Monday, September 22, 2003

One more blog, and he gets a set of steak knives.

And, on his other blog, John Scalzi talks about reading speed. He apparently reads really fast. I'm not sure if I'm a fast reader or not. I know that I can be; when I first read Stephen R. Donaldson's Chronicles of Thomas Covenant, I got through them all in less than two weeks (both trilogies). But I had a college room-mate who encountered them for the first time when he picked up my copies, and he polished them off in about three days.

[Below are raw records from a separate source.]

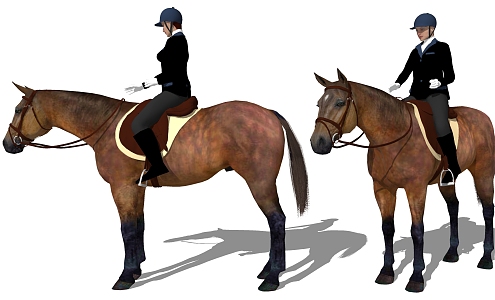 European horse riding figure 3d model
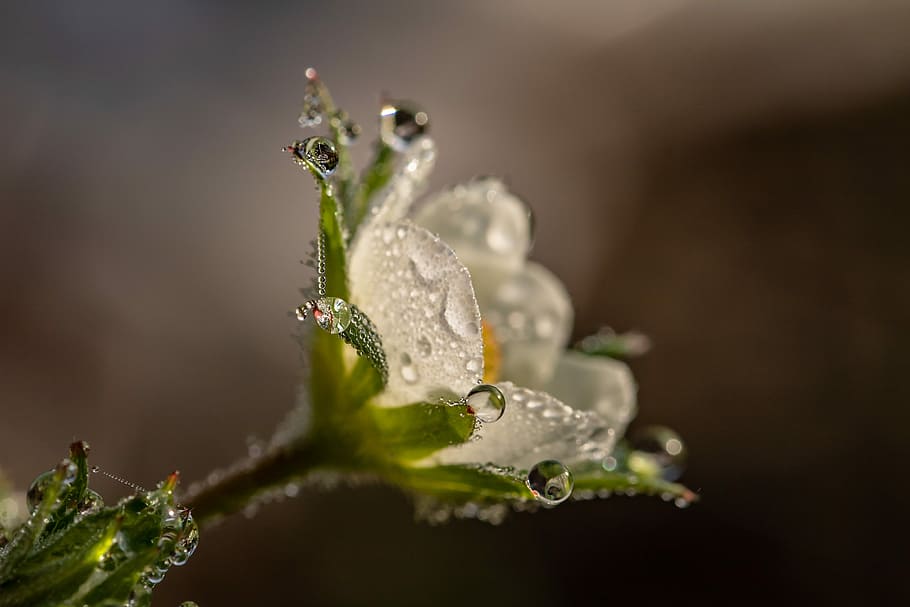 fotografia macro tiro, cinza, verde, flor, gota de chuva, gota de orvalho, flor de morango, gotejamento, gota de água, orvalho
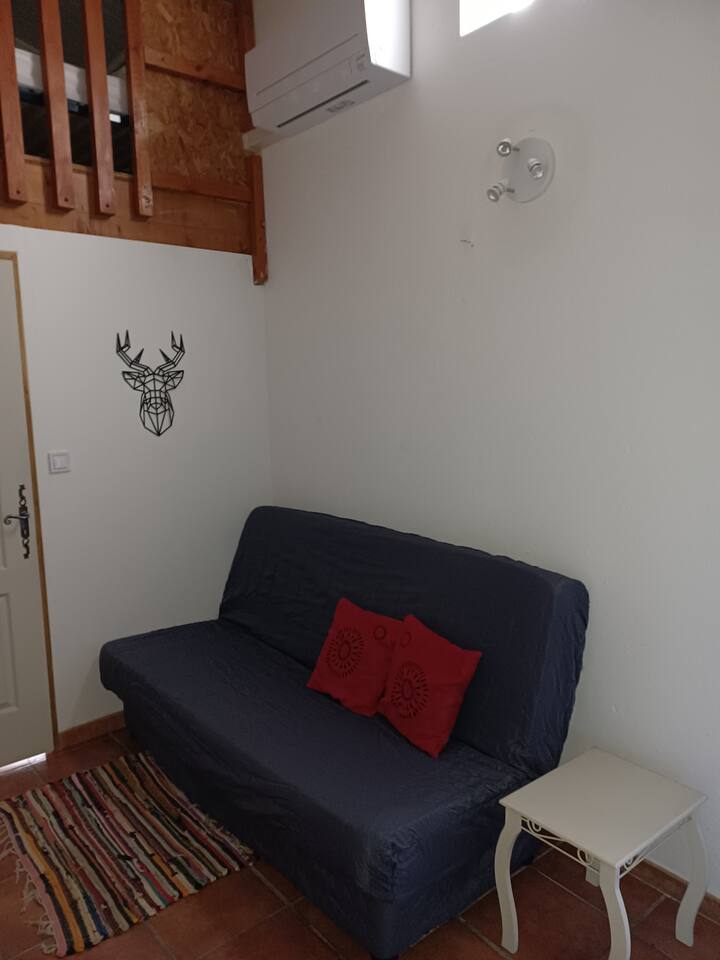 Gîte Cactus 1 à 6 Personnes - Saint-Alban-Auriolles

I also tend to have multiple books going at once, and those will fall into categories: what I call "Waypost" books, meaning books I intend to finish fairly quickly, and "Companion" books, which are the books that I dip into a small amount at a time. Thus, right now one of my "Waypost" books is James Clavell's Shogun, which I'm about one-fifth of the way through, while The Iliad is one of my "Companion" books - - I tend to read no more than four pages or so of it in a day. I also try to get through books that I'm reviewing for GMR faster than I do books that I'm reading for my own amusement and amazement, because there is a certain obligation connected with those books.

I'm well-acquainted with the "Book so good I wish it didn't have to end" phenomenon - - Guy Gavriel Kay's books do it to me, frex - - but I don't translate that into slower reading. If anything, I tend to plow through them even faster, because I can't help myself. I'm a big fan of allowing myself to be swept away by narrative, and pacing myself in reading simply goes against every part of my being. I read a Gene Wolfe essay about Lord of the Rings once, in which Wolfe wrote that when he first read LOTR he allowed himself a single chapter a day, but with the provision that he could re-read anything up to that day's chapter to his heart's content. I couldn't do that. When I get a book that commands me to keep reading, I plow ahead until I either finish or I realize that if I don't put the damn thing down now I am going to only get about four hours' sleep.

Finally, John says that he envies people who read slower, because - - I am paraphrasing - - they get to spend more time in the authors' worlds. I think I envy John more, though. If there's one thing about death that scares the living crap out of me, it's that it will inevitably happen at a time when I've still got a pile of books to get through. But then, that's true for anyone, no matter how fast they read.

(By the way, I wonder if there is any correlation between reading speed and writing output?)